SAN FRANCISCO Interim San Francisco Mayor Ed Lee led a field of 16 candidates on Tuesday in his bid to become the first elected mayor of Chinese descent in a city where Chinese-Americans account for a quarter of the population.
With all 429 precincts reporting, the one-time civil rights lawyer and career civil servant had garnered nearly 32 percent of the vote tabulated so far, well below the simple majority he needed for outright victory.
His closest rival, Board of Supervisors member John Avalos, one of the most left-leaning candidates in the heavily Democratic city, was trailing in second place with almost 19 percent of the vote.
Still to be counted in the nonpartisan race, however, were mail-in ballots that were not received until Election Day, provisional ballots cast at polling places and write-in votes.
Further complicating the outcome is the city's unusual "ranked-choice" voting system, in which second and third choices of candidates declared by voters come into play to determine the winner if no candidate initially draws a majority.
Lee, who was appointed by the Board of Supervisors on an interim basis last fall when then-Mayor Gavin Newsom was elected lieutenant governor, campaigned as a pragmatist who could best tackle the city's chronic budget problems.
He has enjoyed strong support from the city's business community, as well as backing from Newsom, former Mayor Willie Brown and leaders of the Chinese-American community.
"The early returns are indicative that the public has decided they want the work we are doing," he said on Tuesday night in an interview aired on KPIX-TV.
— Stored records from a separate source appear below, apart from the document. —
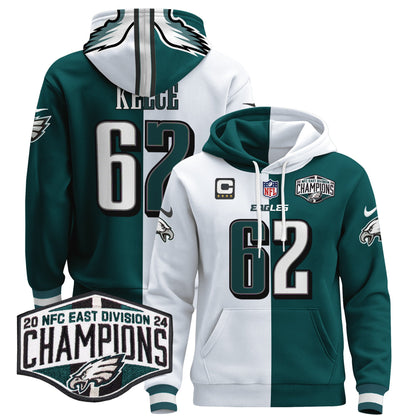 Eagles 2024 NFC East Division Champions Patch Pullover Hoodie - All Stitched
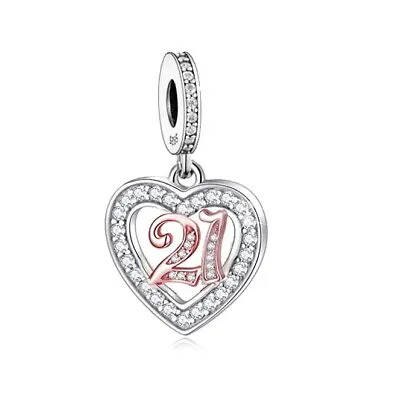 $27.99 • Buy S925 Silver & Rose Gold 21st Birthday Open Heart Charm By Unique Designs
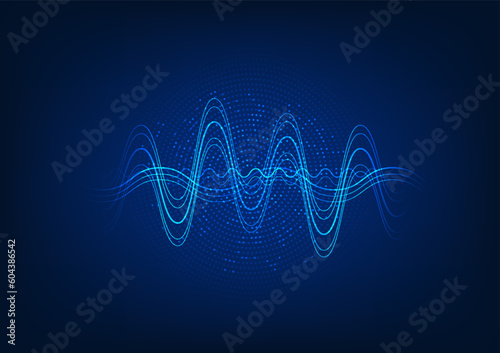 Sound wave technology background The waves overlap in many ways. The back is a gradation point. Focus on dark blue tones. to add luxury modern technology event poster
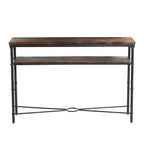Storied Home Saratoga Console Table Gray: Industrial Iron Legs, Solid Acacia, Space-Saving Design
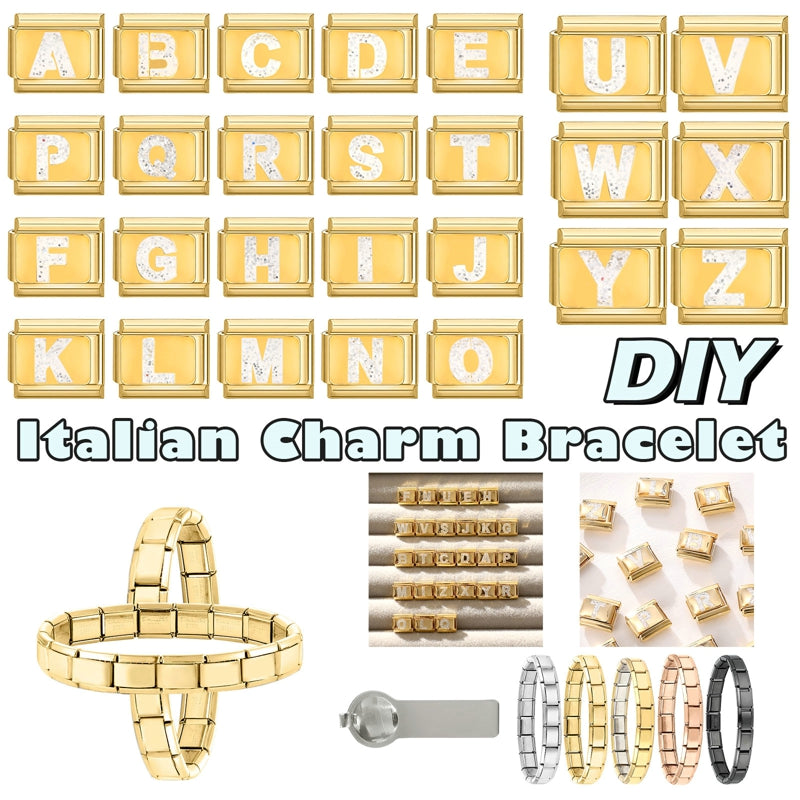 Fashion Golden 26 Letters A-Z Italian Links Charm Beads 9mm Stainless Steel Bracelet Jewelry DIY Hand Making Wholesale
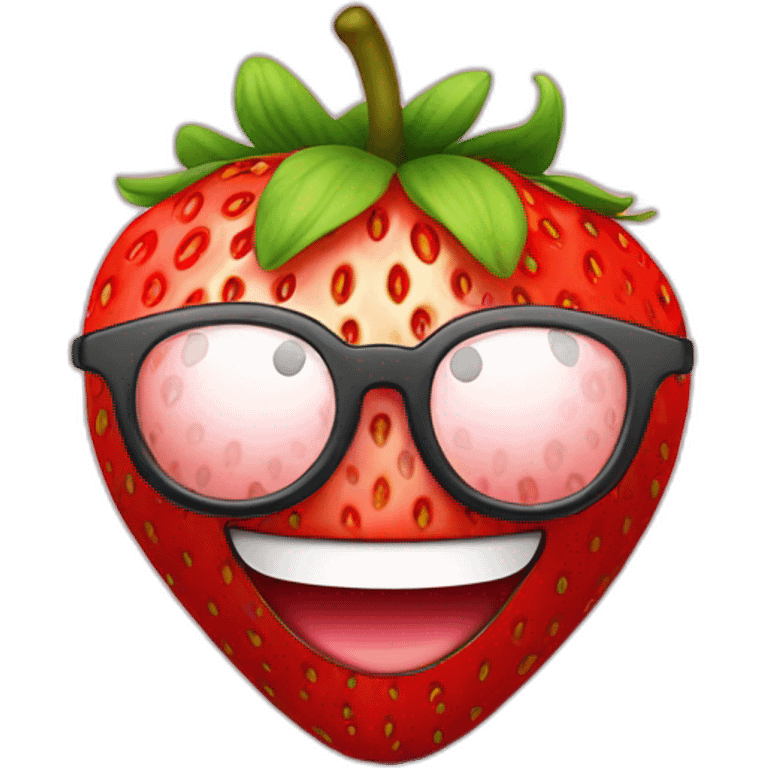 a strawberry with a smile face and eyeglasses emoji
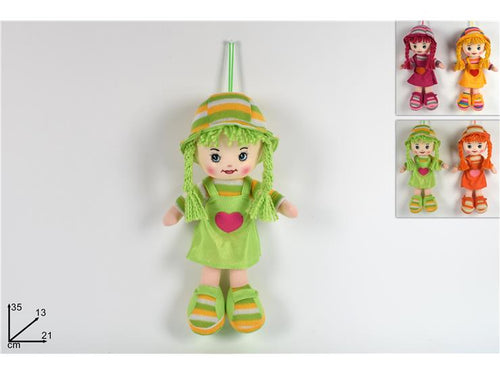 Bambola Peluche Vestito con Cuore 35cm 4 Assortimenti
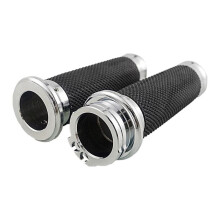 Uchwyty Motocyklowe 1 Cal 25Mm Uchwyty Kierownicy Gumowe do Touring Road King Bobber Cafe Racer Srebro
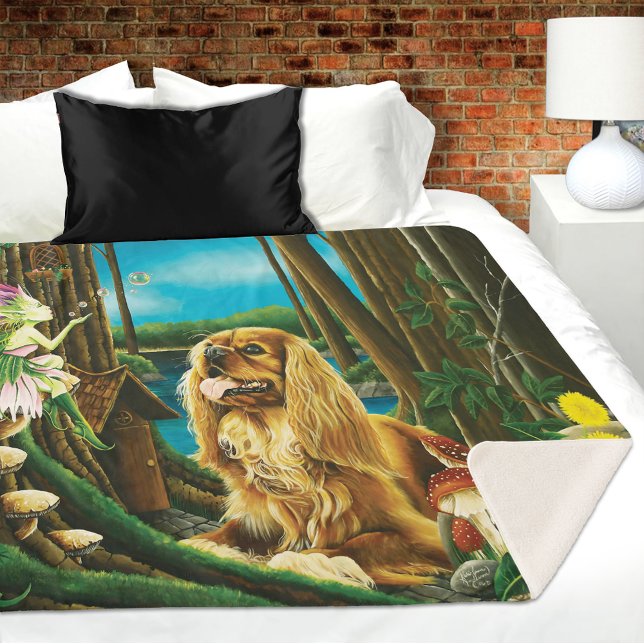 Playful Fantasy Cavalier Spaniel Fairy Sprite Sherpa Blanket (Creator Uploaded)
City election officials said it could take two weeks or more to process all of the ballots and officially determine a victor.
Absent a simple majority of first-choice votes, the candidate with the fewest first choices is eliminated and voters who chose that candidate will have their vote given to their second-choice candidate, and all votes will be recounted.
The process is repeated until one candidate winds up with 50 percent plus one, a system that can throw the election to a candidate other than the one who started out with a plurality of first-choice votes -- in this case Lee.